Tamer Heper, Posta Gazetesi’ndeki bugünkü yazısında ” Siz doğru olanı yapın ” başlıklı yazıyı yazdı. Heper, kaleme aldığı köşe yazısında yapılmış olan binanın imar planlarına uygun olmasının şart olduğunu belirterek okuyucusunun sorusunu yanıtlıyor…
Soru: İki kardeş bir arsa aldık, bunun üzerinde bir baraka vardı yıktık. Altı dükkanlı beş katlı bina yaptık. Ancak binanın planı, projesi yok. Biz bunun kat mülkiyetine geçmesini istiyoruz, nasıl yapabiliriz? B.A.

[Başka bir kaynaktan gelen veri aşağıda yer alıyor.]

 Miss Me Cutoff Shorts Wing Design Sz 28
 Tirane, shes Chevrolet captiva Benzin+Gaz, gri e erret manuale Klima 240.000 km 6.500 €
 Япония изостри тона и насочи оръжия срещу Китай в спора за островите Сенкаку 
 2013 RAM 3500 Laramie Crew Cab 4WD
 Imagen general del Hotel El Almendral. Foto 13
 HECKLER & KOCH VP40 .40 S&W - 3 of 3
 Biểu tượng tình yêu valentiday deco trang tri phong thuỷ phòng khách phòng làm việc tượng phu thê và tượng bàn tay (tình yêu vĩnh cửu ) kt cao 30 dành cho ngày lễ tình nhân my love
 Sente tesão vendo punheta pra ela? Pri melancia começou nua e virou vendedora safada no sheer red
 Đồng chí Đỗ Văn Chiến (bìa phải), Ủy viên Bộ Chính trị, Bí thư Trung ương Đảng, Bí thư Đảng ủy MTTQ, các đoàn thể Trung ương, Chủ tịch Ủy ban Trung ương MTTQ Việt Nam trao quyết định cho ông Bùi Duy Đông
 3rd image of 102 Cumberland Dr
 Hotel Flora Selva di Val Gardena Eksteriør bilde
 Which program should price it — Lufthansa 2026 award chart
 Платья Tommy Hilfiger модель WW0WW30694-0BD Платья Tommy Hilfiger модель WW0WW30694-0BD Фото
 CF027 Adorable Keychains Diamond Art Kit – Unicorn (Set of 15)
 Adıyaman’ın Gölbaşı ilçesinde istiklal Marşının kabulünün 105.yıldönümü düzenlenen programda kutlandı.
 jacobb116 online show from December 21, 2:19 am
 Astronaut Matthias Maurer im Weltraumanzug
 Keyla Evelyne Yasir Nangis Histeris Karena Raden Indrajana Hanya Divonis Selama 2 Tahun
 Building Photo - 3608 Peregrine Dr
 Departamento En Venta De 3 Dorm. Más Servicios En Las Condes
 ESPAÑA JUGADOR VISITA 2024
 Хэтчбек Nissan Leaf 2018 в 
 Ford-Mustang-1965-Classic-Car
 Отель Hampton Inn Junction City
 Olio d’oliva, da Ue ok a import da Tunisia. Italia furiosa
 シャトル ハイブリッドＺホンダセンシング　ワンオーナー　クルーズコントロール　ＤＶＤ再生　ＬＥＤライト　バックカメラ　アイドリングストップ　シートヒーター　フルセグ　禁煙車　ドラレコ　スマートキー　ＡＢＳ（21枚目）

Cevap: Benim ülkem böyle ilginç işte. Dünyanın her yerinde önce plan yapılır sonra o plan tatbik edilir. Örneğin önce şehir planı yapılır, sonra altyapı tamamlanır, sonra üzerine planı dahilinde şehir kurulur. Peki bizde? Önce gecekondular yapılır, sonra onlara altyapı götürülür, ondan sonra da plan yapmaya çalışılır. Binalar da öyle. Önce gecekondu yapılır, sonra elektrik-su-gaz bağlanır, vergileri tahsil edilir, ondan sonra imar affı ile gelir. Yani bizde her şey ters işler. İşte bu terslik burada da görülüyor, şimdi biz bu işi nasıl düzeltiriz diye bakacağız. Bunun düzelmesi için öncelikle bir proje yapılması lazım. Ancak proje imar planları çerçevesinde yapılacağı için öncelikle yapılmış olan binanın imar planlarına uygun olması şart. Örneğin o bölgede kat yükseklikleri 9 metre ise ve bu bina 15 metre ise bu binaya uygun proje yapıp yasal hale getiremezsiniz. Bu nedenle imar planlarına uygun proje yapılır, sonra bu proje belediye imar müdürlüğünde tasdik görür. Ondan sonra bu bina için iskan izni alınır ve iskan izninden sonra da kat mülkiyetine geçilir. Doğrusu budur, ancak bizim vatandaş bunu çoğunlukla yapmaz, gelecek bir imar affını bekler. Bizde de her türlü seçim yatırımı mubah olduğundan ilk seçim döneminde aleni veya örtülü bir imar affı çıkar, bununla birkaç oy sağlanır ama ülkenin imar durumunun da içinden çıkılmaz hale gelinmesine göz yumulur. Siz imar affını beklemeyin, işinizi yasal yollarla halledin.